Optimal Timing Selection Approach to Moving Target Defense: A FlipIt Attack-Defense Game Model

Abstract

The centralized control characteristics of software-defined networks (SDNs) make them susceptible to advanced persistent threats (APTs). Moving target defense, as an effective defense means, is constantly developing. It is difficult to effectively characterize an MTD attack and defense game with existing game models and effectively select the defense timing to balance SDN service quality and MTD decision-making benefits. From the hidden confrontation between the actual attack and defense sides, existing attack-defense scenarios are abstractly characterized and analyzed.
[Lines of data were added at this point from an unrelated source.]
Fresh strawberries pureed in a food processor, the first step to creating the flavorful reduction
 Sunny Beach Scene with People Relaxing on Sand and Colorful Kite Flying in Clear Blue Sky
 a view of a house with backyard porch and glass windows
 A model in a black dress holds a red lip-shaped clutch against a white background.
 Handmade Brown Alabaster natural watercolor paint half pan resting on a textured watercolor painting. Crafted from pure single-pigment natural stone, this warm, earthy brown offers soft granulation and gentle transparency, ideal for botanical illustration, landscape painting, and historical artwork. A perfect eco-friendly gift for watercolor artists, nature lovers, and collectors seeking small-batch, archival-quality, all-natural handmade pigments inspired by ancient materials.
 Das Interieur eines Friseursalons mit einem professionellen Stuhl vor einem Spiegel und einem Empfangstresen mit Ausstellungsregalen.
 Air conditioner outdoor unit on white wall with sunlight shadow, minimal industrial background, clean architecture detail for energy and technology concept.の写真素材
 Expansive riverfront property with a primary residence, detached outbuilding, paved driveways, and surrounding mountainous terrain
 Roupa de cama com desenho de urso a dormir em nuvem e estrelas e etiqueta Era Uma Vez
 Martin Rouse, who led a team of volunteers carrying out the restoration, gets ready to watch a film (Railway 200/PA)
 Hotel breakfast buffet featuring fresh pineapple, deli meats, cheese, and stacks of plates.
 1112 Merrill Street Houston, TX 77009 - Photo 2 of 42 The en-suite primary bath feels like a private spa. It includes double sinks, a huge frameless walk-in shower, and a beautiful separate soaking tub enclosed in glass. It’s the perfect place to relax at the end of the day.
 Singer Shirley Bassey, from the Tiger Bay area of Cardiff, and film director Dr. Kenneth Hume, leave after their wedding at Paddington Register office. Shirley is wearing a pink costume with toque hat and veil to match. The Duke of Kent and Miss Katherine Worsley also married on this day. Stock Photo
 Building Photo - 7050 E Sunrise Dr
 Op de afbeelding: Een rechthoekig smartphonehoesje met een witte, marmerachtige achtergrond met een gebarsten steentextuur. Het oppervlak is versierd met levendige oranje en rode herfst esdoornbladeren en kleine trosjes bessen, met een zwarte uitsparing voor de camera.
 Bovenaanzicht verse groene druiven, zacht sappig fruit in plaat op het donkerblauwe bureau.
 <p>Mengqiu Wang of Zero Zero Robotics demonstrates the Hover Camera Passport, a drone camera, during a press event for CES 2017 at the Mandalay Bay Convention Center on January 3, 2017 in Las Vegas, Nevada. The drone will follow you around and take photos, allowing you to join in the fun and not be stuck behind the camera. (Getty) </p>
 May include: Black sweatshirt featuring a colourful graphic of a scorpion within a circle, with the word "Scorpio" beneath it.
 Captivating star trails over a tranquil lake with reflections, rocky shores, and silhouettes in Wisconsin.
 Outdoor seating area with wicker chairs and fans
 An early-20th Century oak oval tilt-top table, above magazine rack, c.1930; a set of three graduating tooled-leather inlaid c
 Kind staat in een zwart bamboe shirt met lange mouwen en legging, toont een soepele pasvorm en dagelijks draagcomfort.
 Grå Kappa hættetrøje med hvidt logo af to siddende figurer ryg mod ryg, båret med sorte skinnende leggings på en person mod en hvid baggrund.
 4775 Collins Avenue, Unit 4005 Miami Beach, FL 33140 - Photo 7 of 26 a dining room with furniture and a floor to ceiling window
Based on the APT attack process of the Cyber Kill Chain (CKC), a state transition model of the MTD attack surface based on the susceptible-infective-recuperative-malfunctioned (SIRM) infectious disease model is defined. An MTD attack-defense timing decision model based on the FlipIt game (FG-MTD) is constructed, which expands the static analysis in the traditional game to a dynamic continuous process. The Nash equilibrium of the proposed method is analyzed, and the optimal timing selection algorithm of the MTD is designed to provide decision support for the selection of MTD timing under moderate security. Finally, the application model is used to verify the model and method. Through numerical analysis, the timings of different types of attack-defense strategies are summarized.